TRS leaders are hoping their supreme leader can defy the superstition like the old man in Hemingway’s epic.
Akbar scores over Kalvakuntlas
Talking of literary epics, K Chandrashekar Rao undergoes quite a bit of metamorphosis not too dissimilar to Franz Kafka’s protagonist Gregor Samsa when it comes to facing the MIM floor leader Akbaruddin Owaisi. It is quite an unimpeachable dictum that KCR is Telangana’s greatest orator, a speaker with peerless wit, a man whose rhetoric ranges from scathing rebuffs to chilling rebukes. His whiplash one-liners, smart squibs and snide retorts can destroy the courage of his opponents. Yet, the mighty KCR who waxes eloquent against most opposition leaders and gives an earful to journalists at press conferences, transforms a la Samsa into a reserved, timid and soft-spoken man on the back foot whenever he gets to face a barrage of questions from Akbaruddin Owaisi.
Barely does KCR start giving a reply when Akbar, with his perpetually angry and vituperative harangue, interrupts.
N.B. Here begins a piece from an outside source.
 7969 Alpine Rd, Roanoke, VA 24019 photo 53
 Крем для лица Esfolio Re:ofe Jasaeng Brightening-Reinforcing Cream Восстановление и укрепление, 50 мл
Getting on KCR’s nerves with ease, Akbar succeeds in pushing Chandrashekar Rao on the defensive — his legerity seems to vanish, he clambers for an answer and speaks in a soft diphthong of a tune, placating the angry young legislator from Chandrayangutta.
Not just KCR, but even his son, the grandiloquent and unfailingly brilliant KTR too finds it hard to parry the frequent assaults from the frenemy. Why is KCR so wary or even afraid of Akbar, politicians and Assembly watchers wonder and ask. It is not the recent demolition of two mosques that seems to be the issue, because KCR is never defensive on such issues. It is just that Akbaruddin gets the better of the father-son duo as no one else can in the entire state.
Danam ashamed of flaying KCR
It’s not always that a politician faults himself while on record. That credit goes to Danam Nagender, the TRS legislator from Khairatabad who switched sides from the Congress. Speaking on the Revenue Bill in the Assembly, Danam began lauding chief minister K Chandrashekar Rao. Suddenly, he said he was ashamed of his earlier stance against the TRS and his verbal attacks on its leaders while in the Congress — Danam was a minister from 2009 to 2014. It was Danam who had called KCR and his K T Rama Rao “galeeju gallu” (nasty persons). His sudden confession took both the TRS and the Congress by surprise. An MLA was later heard saying that is is all the magic of power.
Vijaysai back to controversy
After a lull, apparently caused by chief minister Y S Jagan Mohan Reddy’s snub, V Vijayasai Reddy, YSR Congress general secretary, is back to his favourite activity of making controversial statements and landing his party in a tight spot. Recently, DGP Goutam Sawang wrote a letter to opposition leader N Chandra-babu Naidu to furnish evidence to support his allegations that the government had been tapping the phones of political leaders and legal luminaries.
Separately, the Chittoor district police issued notices to Chandrababu Naidu and his son Lokesh, asking them to furnish information in support of their allegations that an autorickshaw driver, Om Pratap, was killed by YSRC leaders. In the midst of this, Sai Reddy made the wild accusation that Chandrababu Naidu had a role in the recent gutting of the chariot at the Narasimha Swamy temple in Antarvedi, East Godavari district, inviting criticism as well as a demand from several quarters that he also be issued notices by the police seeking evidence to back his allegations, as had been done in the case of the Naidus. Watch this space for the next gaffe.